ASEAN telah menjadi salah satu pasar data center dengan pertumbuhan tercepat. Menurut Eco-Business dan Digital Realty, pasar data center co-location di Asia Pasifik akan bernilai US$28 miliar pada tahun 2024 — melampaui kawasan Amerika Utara dan akan menjadi terbesar di dunia pada dekade berikutnya, dengan Asia Tenggara menjadi pendorong terbesar pertumbuhan ini.

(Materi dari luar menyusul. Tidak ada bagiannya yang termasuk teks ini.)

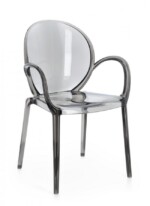 Bizzotto - SEDIA C-BR CAMILLA FUME' - immagine 6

Beberapa tahun terakhir, ASEAN mengalami lonjakan pembangunan data center dalam beberapa tahun terakhir, dengan perusahaan telekomunikasi lokal, operator data center, dan hyperscaler membangun fasilitas baru untuk mendukung pertumbuhan masa depan dan pengalaman dengan latensi rendah.
Dengan lebih dari 200 juta pengguna internet pada tahun 2023, Indonesia hadir sebagai pemain penting di pasar data center. Seiring dengan melonjaknya penggunaan internet dan meningkatnya permintaan akan penyimpanan data, sektor data center dalam negeri bersiap untuk melakukan ekspansi yang signifikan.

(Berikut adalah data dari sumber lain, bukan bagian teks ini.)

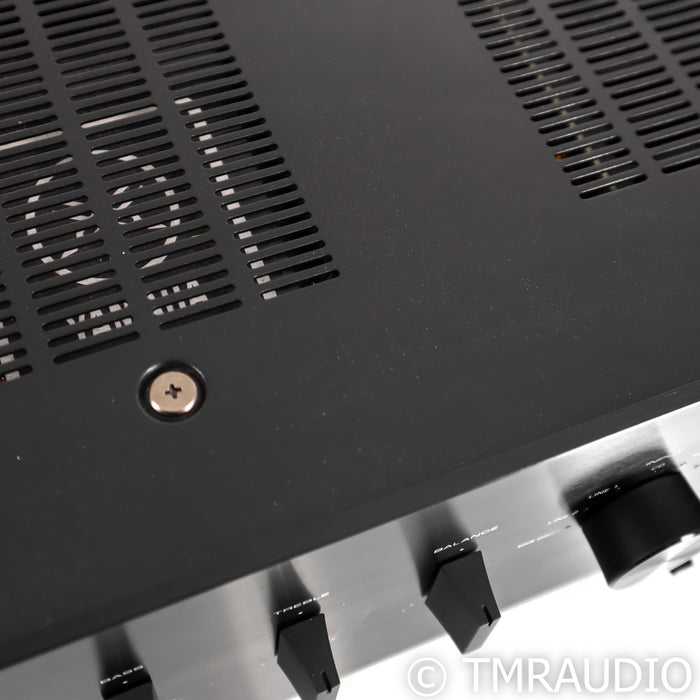 Yamaha  A-S1000 Stereo Integrated Amplifier; MM & MC Phono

Sejalan dengan hal ini, Menteri Komunikasi dan Informatika Republik Indonesia juga telah menyatakan komitmennya untuk menciptakan lingkungan yang mendukung kemajuan ekosistem data yang kuat.

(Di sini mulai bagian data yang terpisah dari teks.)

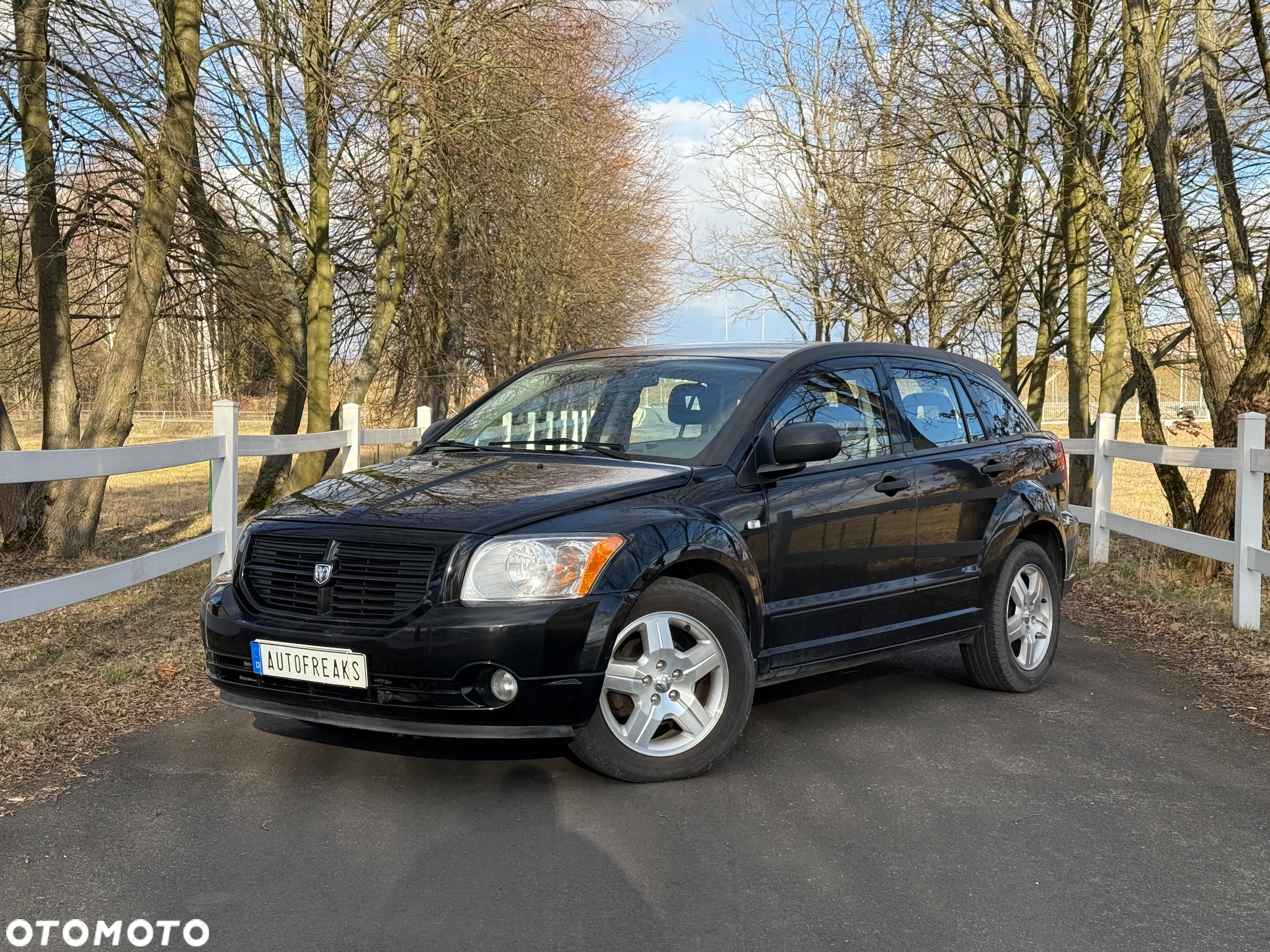 Dodge Caliber 2.0 CVT SXT - 3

Memposisikan diri sebagai yang terdepan di pasar data center ASEAN, Indonesia telah menarik perhatian para pemangku kepentingan industri, terbukti dari niat strategis dari operator lokal terkemuka, serta raksasa teknologi global, yang telah mengumumkan rencana untuk membangun fasilitas baru di dalam negeri pada tahun-tahun mendatang.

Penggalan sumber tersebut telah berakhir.